**Recorded information:**
- Opening Delimiter -
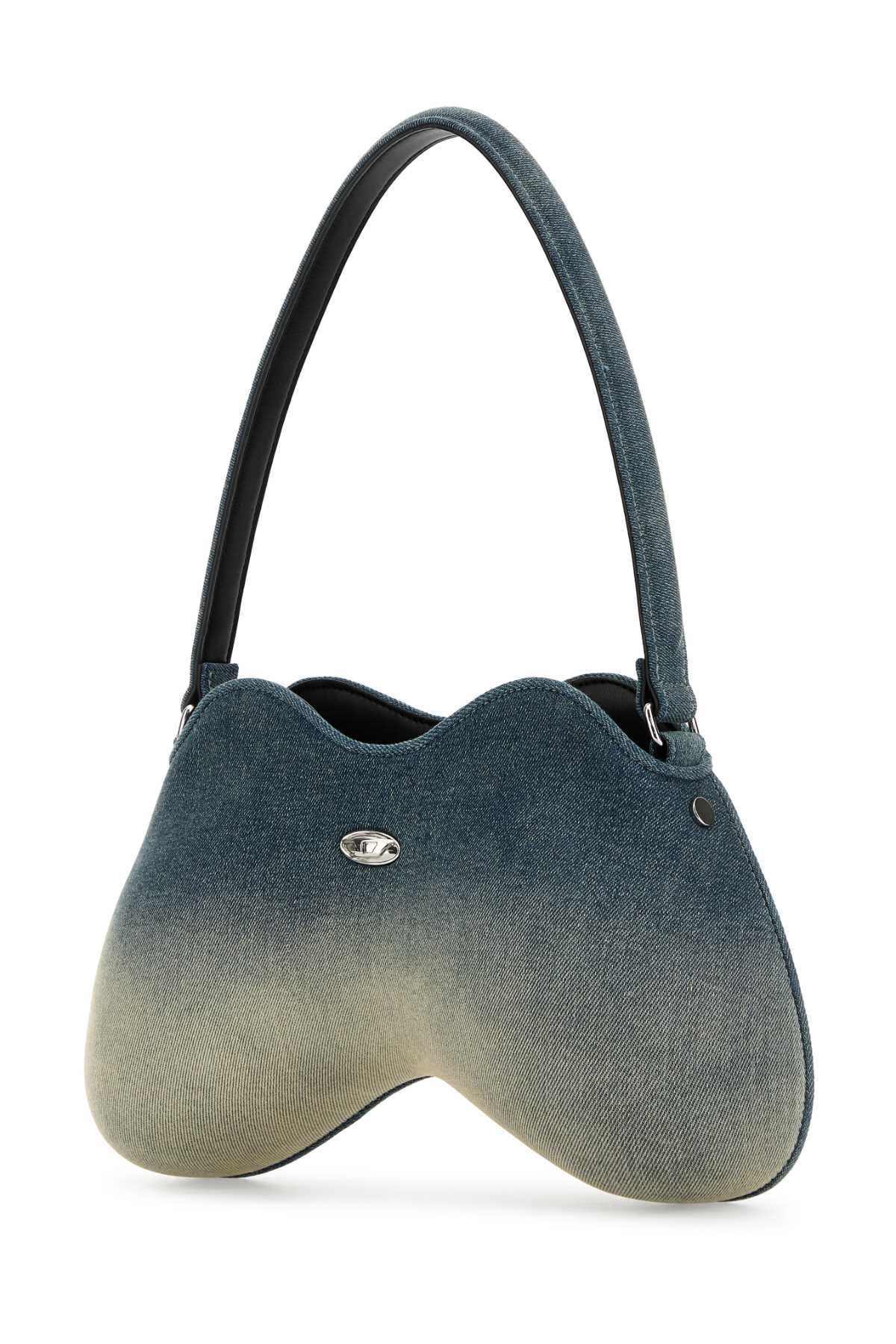 Diesel Women Denim Double-D Shoulder Bag DIESEL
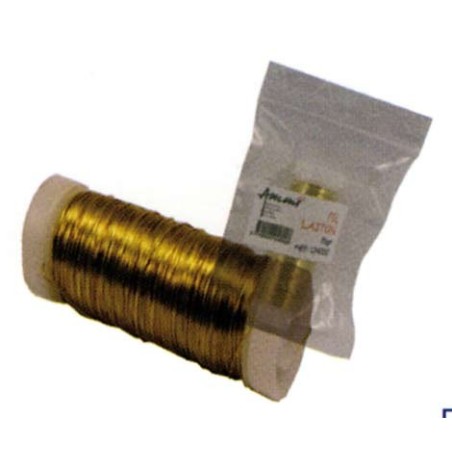 FIL METALLIQUE OR BOBINE 28M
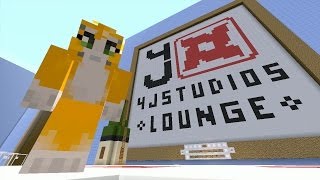 Minecraft Xbox  4J Studios Lounge  Hunger Games [upl. by Nipsirc]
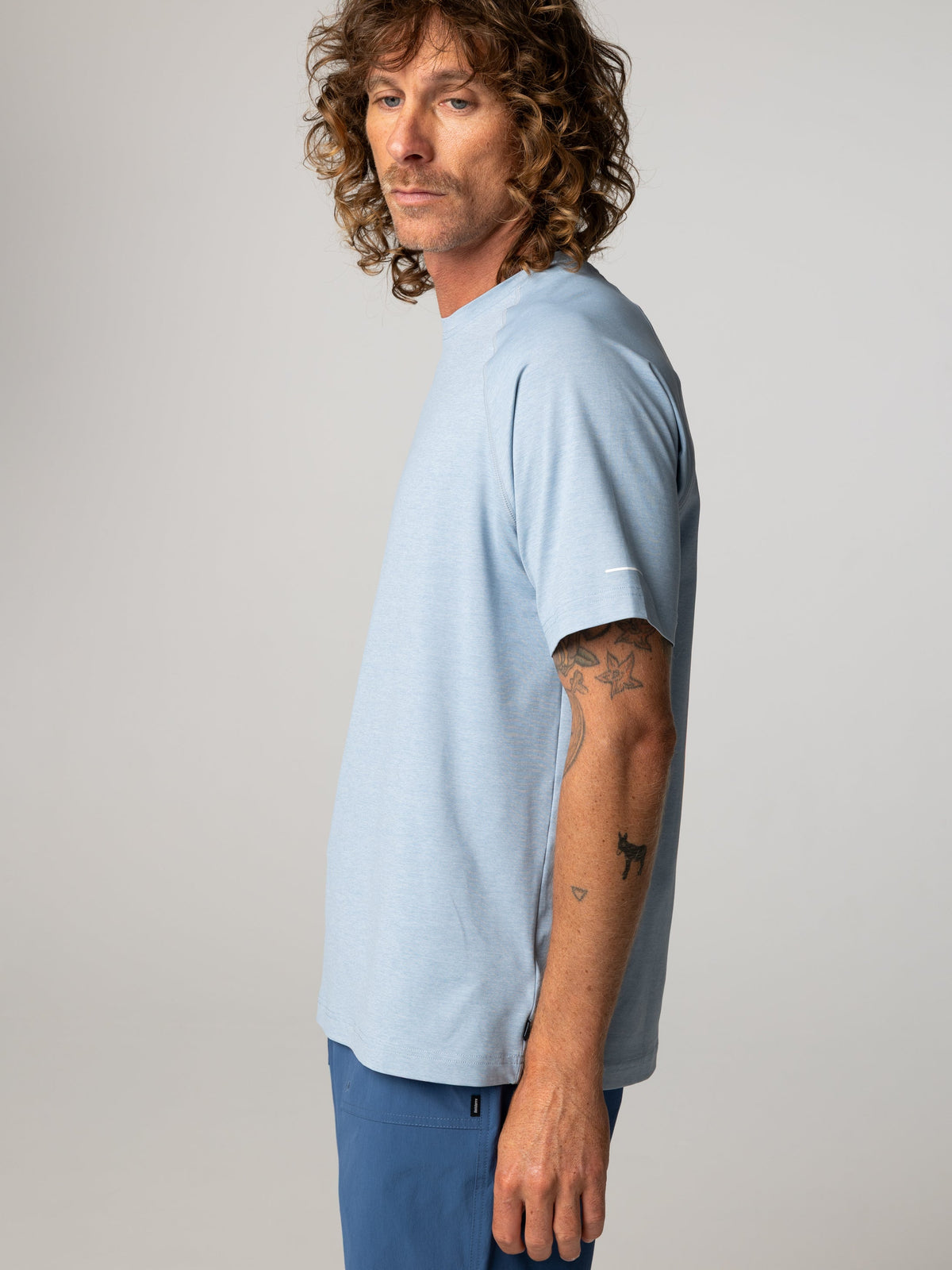 Men's Solar UPF T-shirt - Image 7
- Closing Delimiter -
**Exercise objective:** Begin the copy at the line containing "[upl. by Nipsirc]" and end it at the final line of the material above, reproducing each line exactly and omitting pictures.

**Solution to the problem:**
 Minecraft Xbox  4J Studios Lounge  Hunger Games [upl. by Nipsirc]
 Men's Solar UPF T-shirt - Image 7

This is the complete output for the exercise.